Hello - The hyperreal numbers are mentioned and linked in the first paragraph in "Numbers with dimensionality", but only very briefly. Feel free to expand - or more likely, to add another section for "others" ... the following high-level sections were suggested to me a while back:
• Numbers with dimensionality (this is the existing section)
• Set-theoretical extensions of the reals
• Topological extensions of the reals
However, since I don't feel competent enough to do so, I've held back. ... Thanks, Koeplinger (talk) 01:46, 6 December 2007 (UTC)

## "External Links" section

Earlier today I reverted an edit that was adding a commercial advertisement and a link to a page that was broken and had a different description than the subject header. After reviewing the page, I've added it back now, but with a more correct description ("Clyde Davenport's Commutative Hypercomplex Math Page"). This way, I believe, the character of the referenced page is better represented, as a personal web page, which is to be taken as such. In order to add at least some more external references, I've for now added two that I deem significant, hyperjeff.com (history) and hypercomplex.ru (research group after Kantor & Solodovnikov's hypercomplex program). I guess this would be a good place to link to certain pages.
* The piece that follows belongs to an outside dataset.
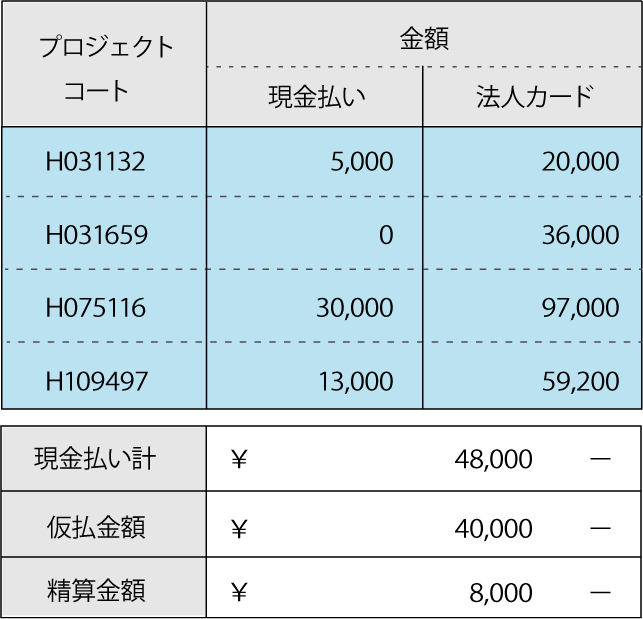 申請 承認フォーム 機能 ワークフローのcreate Webフロー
Personally, I would continue to object having a link to hypercomplex.us here, because it's more an advertisement than an information. But I would pull back if some would suggest otherwise. There are elaborate reviews of commercial software here in Wikipedia, so maybe the "external links" section would be appropriate.

There's one concern, though: If we're adding personal web pages here, then we might have to add a whole bunch of pages: A simple internet search for "hypercomplex" reveals all kinds of pages, and I'm not sure that Wikipedia ought to be displaying results that one could just as well obtain from an internet search. I'm entertaining a Yahoo discussion group, and participate in another, and I don't think they need to be listed here; people will find them anyway, through simple searches.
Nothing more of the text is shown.